From: Scott Carey <scott(at)richrelevance(dot)com>
To: Clemens Eisserer <linuxhippy(at)gmail(dot)com>, "pgsql-performance(at)postgresql(dot)org" <pgsql-performance(at)postgresql(dot)org>
Subject: Re: hash semi join caused by "IN (select ...)"
Date: 2011-05-18 17:41:40
Message-ID: C9F95085.373D6%scott@richrelevance.com
Views: Raw Message | Whole Thread | Download mbox | Resend email
Thread:
Lists: pgsql-performance

On 5/17/11 12:38 AM, "Clemens Eisserer" <linuxhippy(at)gmail(dot)com> wrote:

>Hi,
>
>>> select .... from t1 left join t2 .... WHERE id IN (select ....)
>>
>> Does it work as expected with one less join?

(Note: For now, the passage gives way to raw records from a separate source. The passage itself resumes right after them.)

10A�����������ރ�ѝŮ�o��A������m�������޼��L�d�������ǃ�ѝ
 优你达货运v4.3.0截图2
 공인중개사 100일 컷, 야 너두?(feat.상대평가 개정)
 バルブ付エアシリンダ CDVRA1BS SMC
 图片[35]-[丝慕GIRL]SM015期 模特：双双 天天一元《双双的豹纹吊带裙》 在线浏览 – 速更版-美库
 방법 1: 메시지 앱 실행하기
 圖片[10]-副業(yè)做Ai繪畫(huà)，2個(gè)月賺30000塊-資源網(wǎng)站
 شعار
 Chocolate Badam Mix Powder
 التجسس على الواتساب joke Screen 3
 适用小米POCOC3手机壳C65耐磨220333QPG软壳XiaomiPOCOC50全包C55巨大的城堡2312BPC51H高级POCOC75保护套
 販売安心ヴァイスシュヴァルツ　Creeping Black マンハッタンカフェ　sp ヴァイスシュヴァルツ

If so, try increasing
>> join_collapse_limit ...
>
>That did the trick - thanks a lot. I only had to increase
>join_collapse_limit a bit and now get an almost perfect plan.
>Instead of hash-joining all the data, the planner generates
>nested-loop-joins with index only on the few rows I fetch.
>
>Using = ANY(array(select... )) also seems to work, I wonder which one
>works better. Does ANY(ARRAY(...)) force the optimizer to plan the
>subquery seperated from the main query?

I'm not sure exactly what happens with ANY(ARRAY()).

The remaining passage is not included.